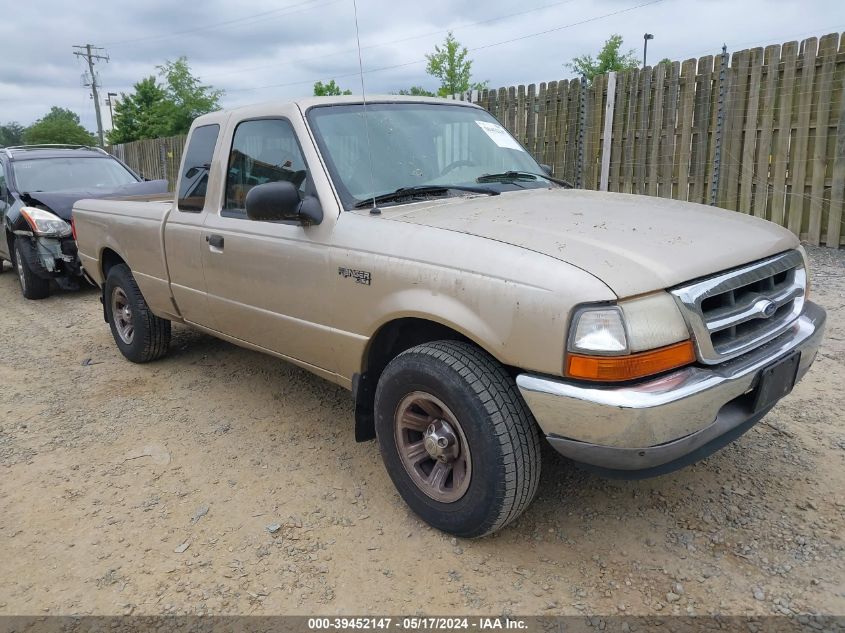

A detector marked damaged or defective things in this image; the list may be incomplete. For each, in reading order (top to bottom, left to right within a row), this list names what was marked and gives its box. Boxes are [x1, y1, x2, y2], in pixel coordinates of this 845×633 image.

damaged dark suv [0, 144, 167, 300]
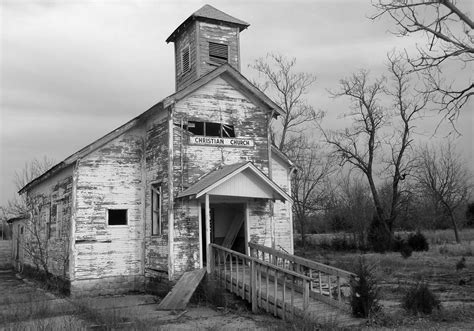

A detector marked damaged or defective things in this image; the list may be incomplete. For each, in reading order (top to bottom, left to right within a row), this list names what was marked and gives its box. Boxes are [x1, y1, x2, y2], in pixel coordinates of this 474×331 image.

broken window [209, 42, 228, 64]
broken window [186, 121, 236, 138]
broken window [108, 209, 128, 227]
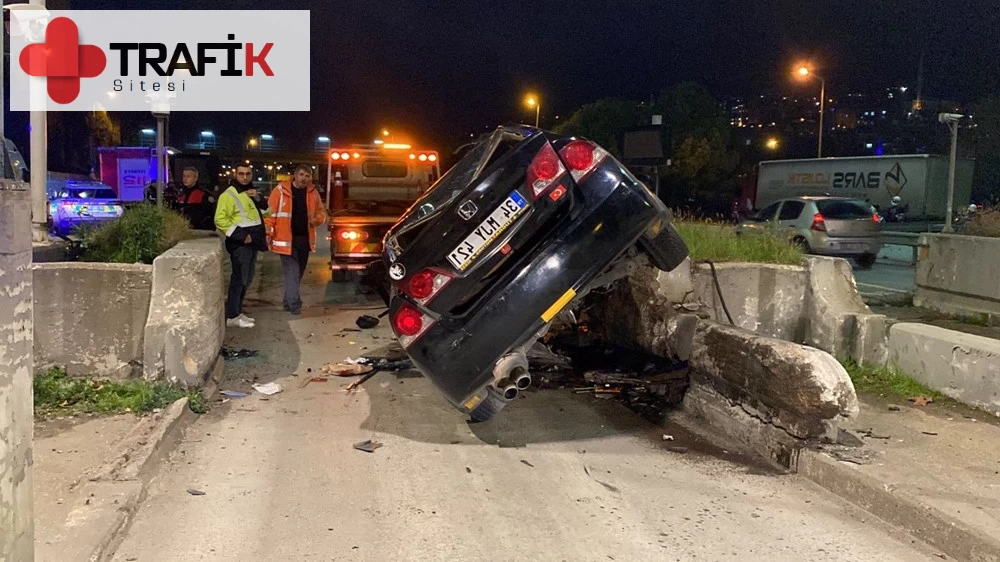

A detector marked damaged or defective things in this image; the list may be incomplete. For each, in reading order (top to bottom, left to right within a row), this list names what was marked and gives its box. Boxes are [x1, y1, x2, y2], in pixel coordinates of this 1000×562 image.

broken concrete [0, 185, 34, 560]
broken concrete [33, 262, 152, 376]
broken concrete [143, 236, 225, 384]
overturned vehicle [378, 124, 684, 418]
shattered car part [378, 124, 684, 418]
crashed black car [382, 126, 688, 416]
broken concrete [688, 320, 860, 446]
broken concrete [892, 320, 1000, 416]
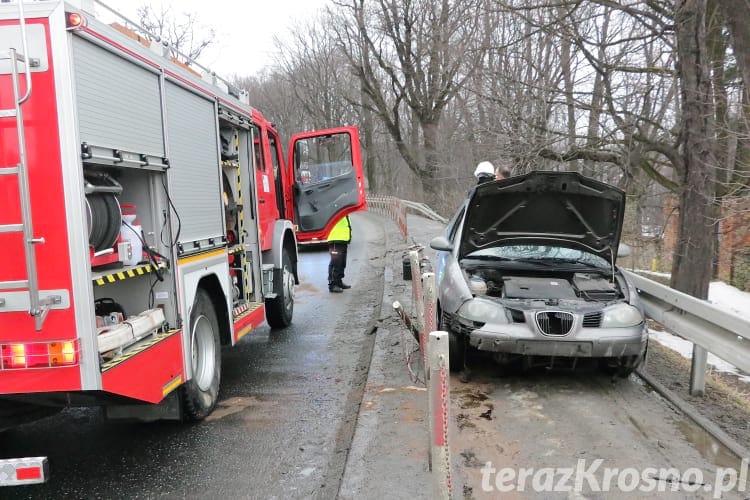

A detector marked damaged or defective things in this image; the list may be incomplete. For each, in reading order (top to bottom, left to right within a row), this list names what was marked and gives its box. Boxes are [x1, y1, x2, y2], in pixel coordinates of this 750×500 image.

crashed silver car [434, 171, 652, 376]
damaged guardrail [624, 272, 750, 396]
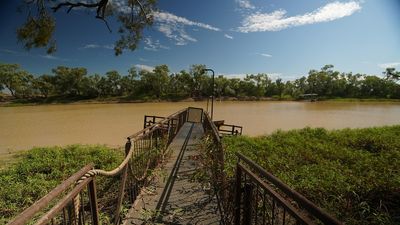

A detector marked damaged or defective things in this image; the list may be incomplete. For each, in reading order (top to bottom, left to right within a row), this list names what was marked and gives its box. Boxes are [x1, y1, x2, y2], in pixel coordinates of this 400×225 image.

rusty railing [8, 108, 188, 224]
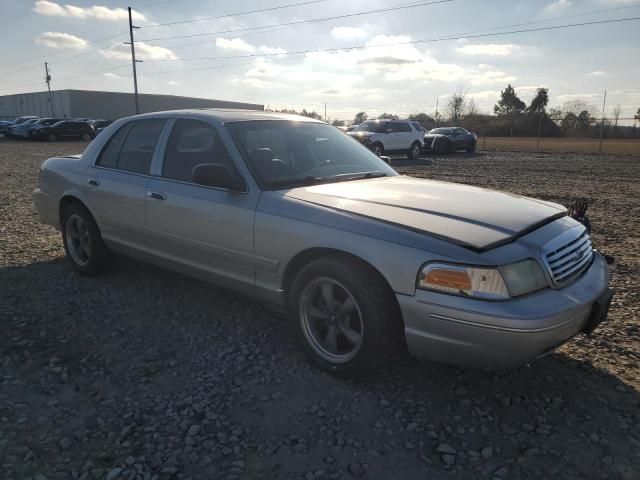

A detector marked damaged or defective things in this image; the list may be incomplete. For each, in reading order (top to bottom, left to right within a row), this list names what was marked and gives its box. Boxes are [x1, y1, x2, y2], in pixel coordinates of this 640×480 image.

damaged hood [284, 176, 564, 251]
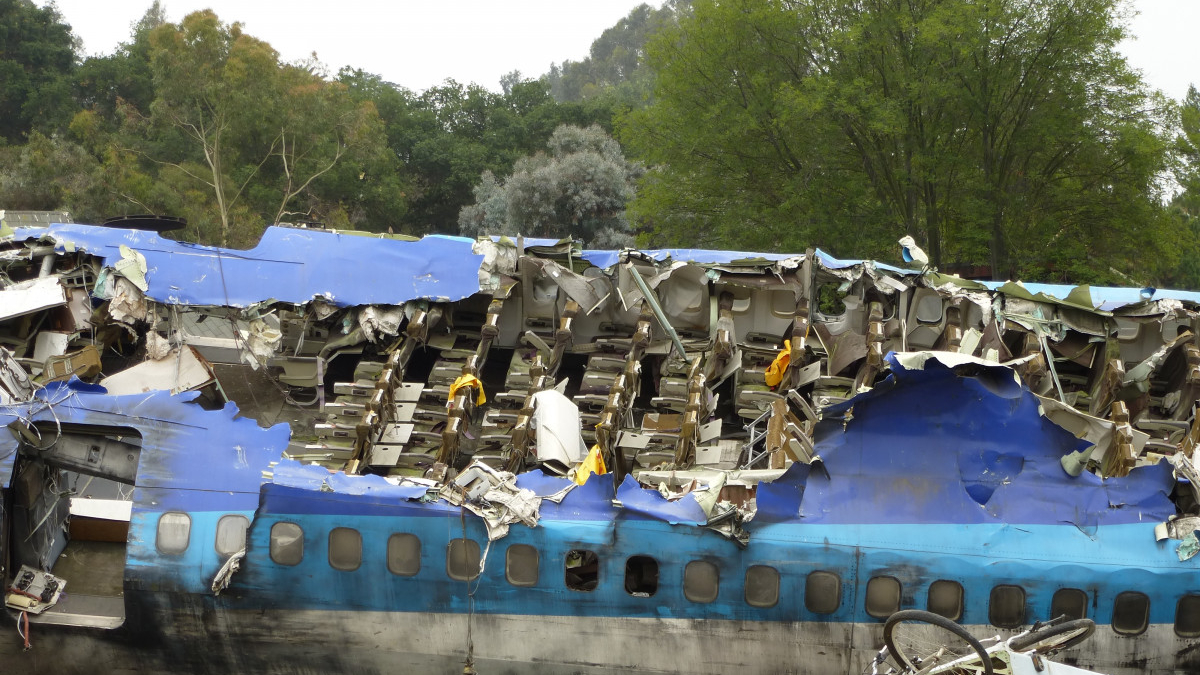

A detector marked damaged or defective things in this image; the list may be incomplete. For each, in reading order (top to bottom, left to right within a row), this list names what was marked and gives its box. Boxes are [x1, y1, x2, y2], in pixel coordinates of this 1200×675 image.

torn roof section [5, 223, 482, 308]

------------------------------------------------------------

* **Your goal**
From the first line to the last, write out the data exactly, dropping any pictures.

* **Output of the exercise**
A detector marked damaged or defective things in this image; the list may be incomplete. For each, in reading order (top to bottom, left to right within a row), this list names what was marked and gives its box. Boxes are [x1, y1, x2, y2], in pixel coordinates of this 845×633 image.

damaged dark suv [0, 144, 167, 300]

A detector marked damaged or defective things in this image; the list may be incomplete. For each, in reading order (top to bottom, left to right within a row), this list names what was marked and gives its box. Boxes are [x1, y1, x2, y2], in pixel coordinates of this 474×331 image.

broken window [209, 42, 228, 64]
broken window [186, 121, 236, 138]
broken window [108, 209, 128, 227]

A detector marked damaged or defective things in this image; the list may be incomplete. For each, in reading order (top to bottom, left to right within a row), this list names what was marked and gives its box. Boxes are [x1, y1, x2, y2], in pixel coordinates of this 1000×562 image.

broken concrete [0, 185, 34, 560]
broken concrete [33, 262, 152, 376]
broken concrete [143, 236, 225, 384]
overturned vehicle [378, 124, 684, 418]
shattered car part [378, 124, 684, 418]
crashed black car [382, 126, 688, 416]
broken concrete [688, 320, 860, 446]
broken concrete [892, 320, 1000, 416]

A detector marked damaged or defective things in this image; the list may be incomplete. For each, in reading order (top to bottom, left to right within a row), this list names what was marked and gives its box. Boxes are [x1, y1, x2, y2], in pixel coordinates of this 750×500 image.

crashed silver car [434, 171, 652, 376]
damaged guardrail [624, 272, 750, 396]

A detector marked damaged or defective things in this image; the list may be incomplete. For each, in reading order (top to bottom, left to right within a row), this list names what was marked and gives its box. Boxes are [x1, y1, x2, y2], in pixel coordinates of this 400×225 image.

rusty railing [8, 108, 188, 224]

A detector marked damaged or defective things in this image; the list may be incomplete. For each, in reading order (top to bottom, left to right within a row), this list names what was marked and gives its box. Boxes are [x1, y1, x2, y2], in pixel coordinates of this 640×480 image.

damaged hood [284, 176, 564, 251]

A detector marked damaged or defective things in this image; the list may be incomplete. For each, in reading order (top to bottom, left to right within a row), this list names what was marked and gives its box. Boxes are [x1, y1, x2, y2], in pixel coordinates of this 1200×675 image.

torn roof section [5, 223, 482, 308]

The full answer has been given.